* **Task requirements**:
Working from the records below, repeat exactly the lines starting at the line that contains "Phoenix Contact UK" and ending at the line that contains "Grove Ferry Inn", inclusive.

* **Records to process**:
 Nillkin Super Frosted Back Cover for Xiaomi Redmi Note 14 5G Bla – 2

==

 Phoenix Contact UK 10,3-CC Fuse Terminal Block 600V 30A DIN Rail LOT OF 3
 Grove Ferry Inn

* **Task answer**:
 Phoenix Contact UK 10,3-CC Fuse Terminal Block 600V 30A DIN Rail LOT OF 3
 Grove Ferry Inn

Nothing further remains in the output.